Today is running errands day. That's definitely been another shift since Vivian showed up- we used to do pretty much all the miscellaneous errand running together on the weekend. Now that's just not really practical, so I tend to go out and take care of most of it alone on Saturday. Or in this case on Friday. I'm also doing more online, since it's hard to get everything done in my limited time alone/with a car. I got my first order from Alice.com yesterday and was pleased with that. It's another household goods shopping site, and the prices seem to be good. The thing I liked is that shipping is always free, which is nice since I usually end up wasting money trying to get up to free shipping on other sites. And when shopping at my favorite stores, I definitely spend more money than I planned, as I wander the aisles and see things that I "need".

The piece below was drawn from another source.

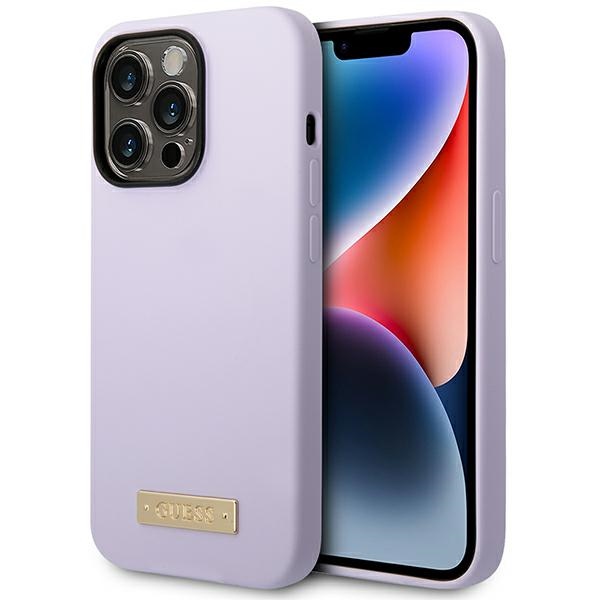Guess GUHMP14LSBPLU iPhone 14 Pro 6.1" violetinis kietasis dėklas silikon logotipo plokštė MagSafe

Can I just say one thing? I know I've been kind of cranky/whiny lately. And I know that I am so overwhelmingly blessed and have so little to complain about in the grand scheme of things. But I am going through a big transition and dealing with lots of hormones and very little sleep, and this is my reality and sometimes I find it kind of challenging. Not challenging like I can't deal with it, but enough to need a place to vent. And, as a stay-at-home mom of a newborn and another small one, I don't really talk to people during the day and rarely leave my condo during the week. Right now my world is small, and this is my place to vent and write about what's bugging me so that I can get it out of my system and be smiling when my overworked/undersleeping husband comes home. Writing helps me process my thoughts and figure out what I need to talk to Daniel about and what is the silly stuff not worth mentioning. And it helps me remember to pray about the things that are bugging and stressing me. So please, bear with me.
Now, go forth and enjoy the sunshine (I hope you have sunshine where you are!). And have a safe and happy 4th of July!